● Instructions for the task: A single number is required: how many lines in the entries hold the word "Shirt".

Top of Supplied information

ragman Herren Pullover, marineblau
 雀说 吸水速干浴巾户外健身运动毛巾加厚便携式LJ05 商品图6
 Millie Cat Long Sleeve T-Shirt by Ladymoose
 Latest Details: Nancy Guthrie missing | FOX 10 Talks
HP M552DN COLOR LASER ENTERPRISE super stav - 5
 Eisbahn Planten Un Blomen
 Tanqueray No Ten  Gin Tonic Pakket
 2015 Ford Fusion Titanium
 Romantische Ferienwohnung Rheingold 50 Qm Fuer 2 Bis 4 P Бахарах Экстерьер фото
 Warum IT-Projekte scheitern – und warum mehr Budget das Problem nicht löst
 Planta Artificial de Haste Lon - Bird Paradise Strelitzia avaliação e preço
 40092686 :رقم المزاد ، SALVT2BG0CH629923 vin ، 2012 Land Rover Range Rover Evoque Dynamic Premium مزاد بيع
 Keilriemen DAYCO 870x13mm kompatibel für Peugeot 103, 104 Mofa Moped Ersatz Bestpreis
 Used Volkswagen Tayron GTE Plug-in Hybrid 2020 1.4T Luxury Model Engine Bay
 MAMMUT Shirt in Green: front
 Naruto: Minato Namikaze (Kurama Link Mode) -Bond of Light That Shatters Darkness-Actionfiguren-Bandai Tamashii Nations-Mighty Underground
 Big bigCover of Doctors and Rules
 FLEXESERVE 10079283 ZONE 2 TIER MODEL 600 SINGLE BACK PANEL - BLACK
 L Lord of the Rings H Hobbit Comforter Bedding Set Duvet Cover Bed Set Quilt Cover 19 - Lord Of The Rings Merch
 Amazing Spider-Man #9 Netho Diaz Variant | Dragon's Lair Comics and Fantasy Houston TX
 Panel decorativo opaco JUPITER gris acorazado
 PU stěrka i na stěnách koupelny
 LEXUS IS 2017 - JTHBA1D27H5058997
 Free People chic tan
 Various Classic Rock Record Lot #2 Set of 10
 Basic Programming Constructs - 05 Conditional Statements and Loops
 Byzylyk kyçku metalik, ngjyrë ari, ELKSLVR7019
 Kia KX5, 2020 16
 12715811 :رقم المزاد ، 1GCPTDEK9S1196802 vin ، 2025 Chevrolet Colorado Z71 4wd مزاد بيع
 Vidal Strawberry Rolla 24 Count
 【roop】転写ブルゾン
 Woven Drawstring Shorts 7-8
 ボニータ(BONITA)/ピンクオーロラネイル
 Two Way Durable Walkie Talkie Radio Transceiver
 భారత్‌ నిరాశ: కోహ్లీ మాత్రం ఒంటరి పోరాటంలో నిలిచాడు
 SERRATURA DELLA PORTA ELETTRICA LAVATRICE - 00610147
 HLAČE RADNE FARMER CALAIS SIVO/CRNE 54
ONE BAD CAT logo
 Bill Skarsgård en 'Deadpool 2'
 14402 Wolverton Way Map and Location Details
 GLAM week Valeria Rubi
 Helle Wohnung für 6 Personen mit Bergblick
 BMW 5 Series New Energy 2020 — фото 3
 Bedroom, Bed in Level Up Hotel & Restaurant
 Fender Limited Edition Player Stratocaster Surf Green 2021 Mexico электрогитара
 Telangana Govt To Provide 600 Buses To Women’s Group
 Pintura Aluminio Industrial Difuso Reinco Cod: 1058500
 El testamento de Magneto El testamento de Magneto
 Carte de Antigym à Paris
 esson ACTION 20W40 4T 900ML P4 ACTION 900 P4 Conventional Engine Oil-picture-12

Bottom of Supplied information

● Answer section: 2